Hi all,
A week or so ago someone on StackOverflow asked why their Python code for connecting to an IPv6 link-local address wasn't working, and I replied that since it was a link-local address they needed to add a %en0 (or whatever the desired local-interface-name is) suffix to their target IP address.
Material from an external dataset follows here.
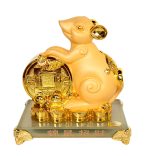 Chinese Zodiac Rat Statue with Big Golden Coin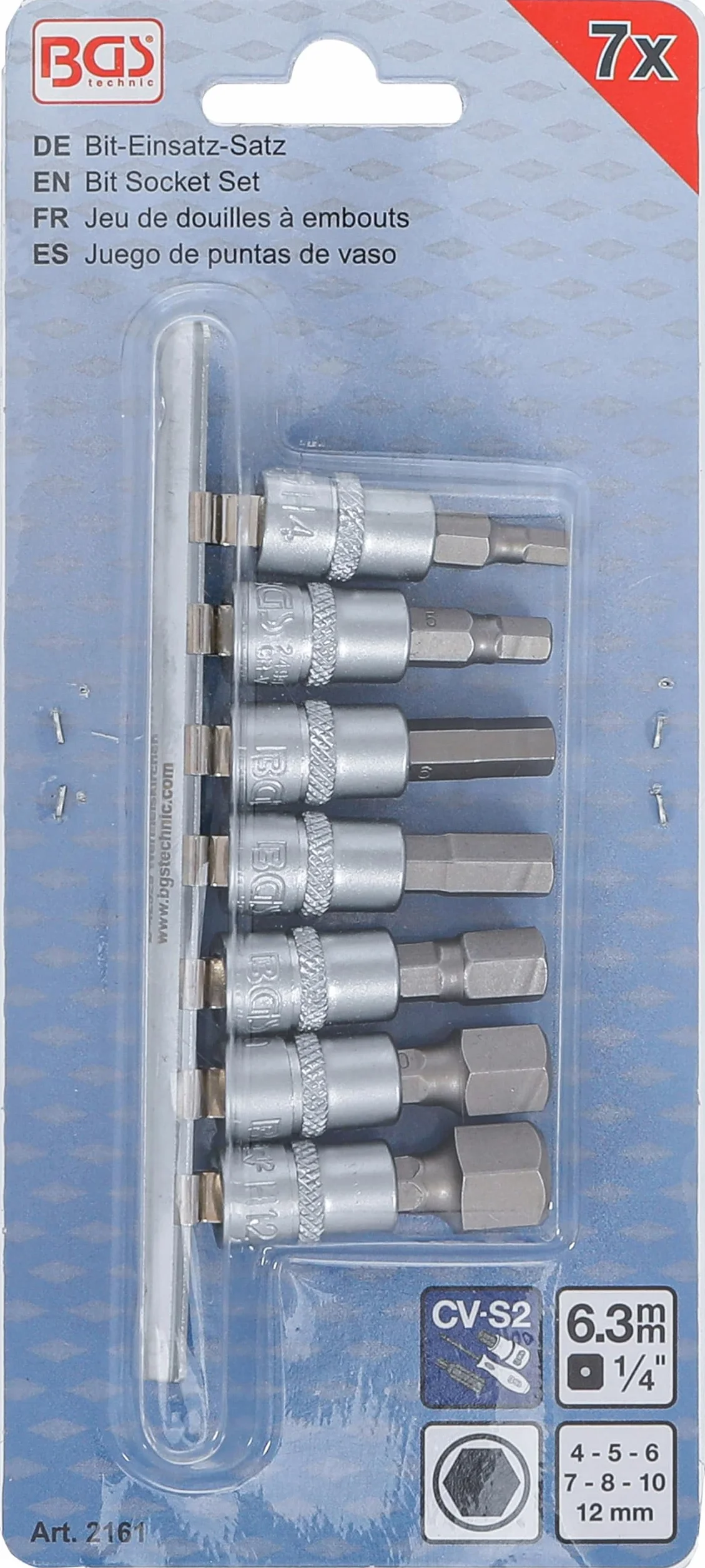 BGS 2161 Zestaw nasadek do bitów 6,3 mm (1/4") gniazdo sześciokątne 4-12 mm 7 szt.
I thought I knew what I was talking about, so I didn't actually test my suggestion before answering (shame on me!).
Today I went to use that same technique for myself, only to find that it doesn't seem to work. :^( That is, this code does not work:
>>> from socket import *
>>> s = socket(AF_INET6, SOCK_STREAM)
>>> s.connect(('fe80::21f:5bff:fe3f:1b36%en0', 2001))
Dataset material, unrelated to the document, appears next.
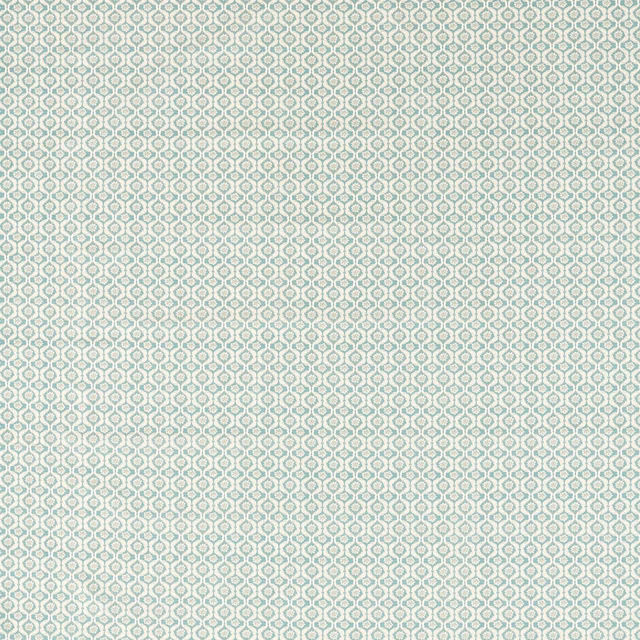 Pale mineral teal fabric with a small woven geometric lattice pattern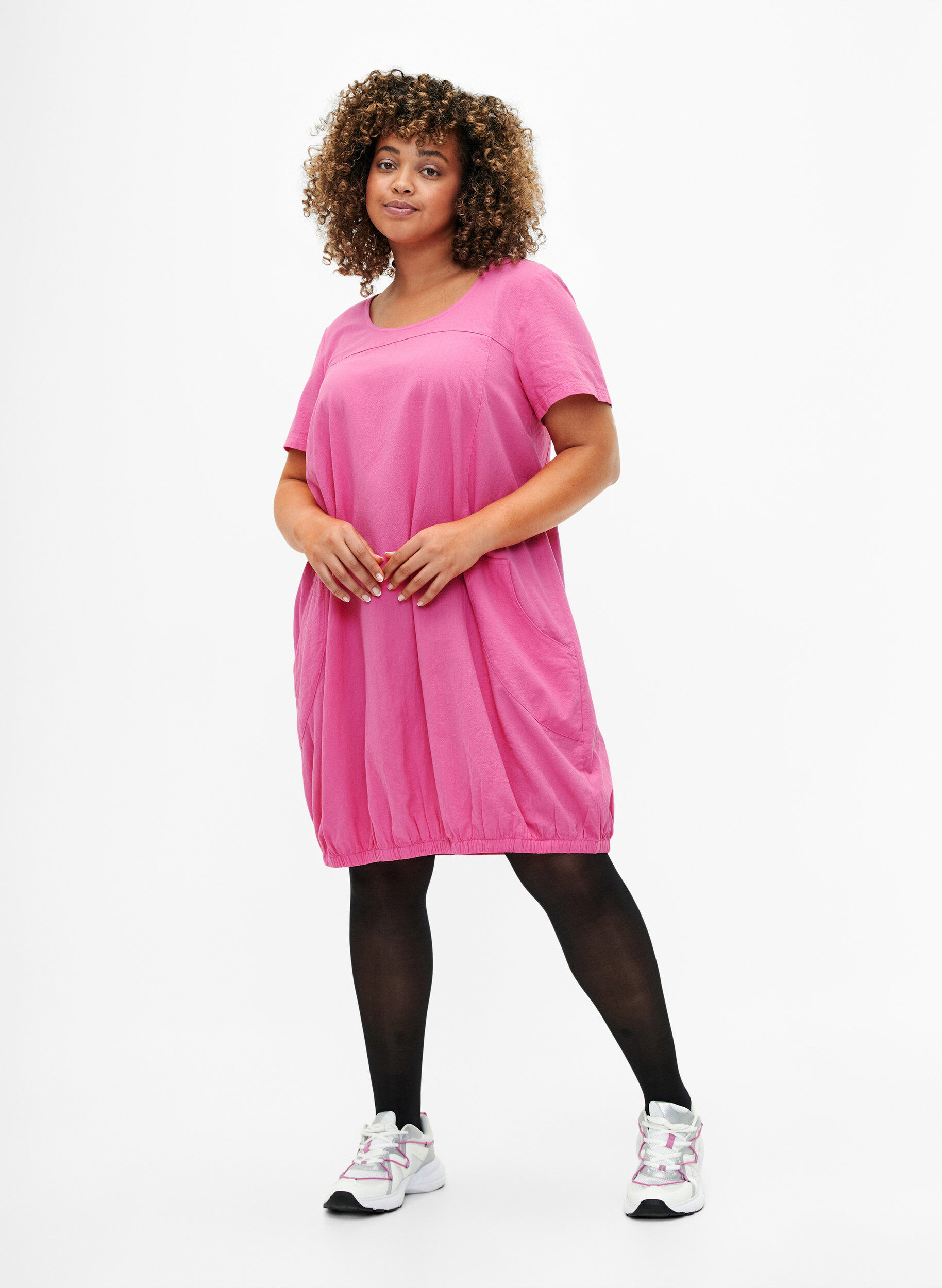 Zizzifashion Short sleeve cotton dress, Pink, Model image number 1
Traceback (most recent call last):
File "<stdin>", line 1, in <module>
File "<string>", line 1, in connect
socket.error: [Errno 65] No route to host
The following code, on the other hand, DOES work (with or without the %en0 suffix):
>>> from socket import *
>>> s = socket(AF_INET6, SOCK_STREAM)
>>> s.connect(('fe80::21f:5bff:fe3f:1b36%en0', 2001, 0, 6))
>>>
... but I don't like doing it that way, because in order to figure out which scope ID integer to supply for the last argument, I have to execute a bunch of not-very-portable code to iterate over the local interfaces list, find the interface named 'en0', and extract its scope ID, which is more complexity overhead than I'd like to have.
Given that connect() is accepting the %en0 suffix to the IP address, why isn't it actually using it as expected to determine the scope ID?
FWIW, I am testing with Python 2.6.1 under MacOS/X 10.6.4.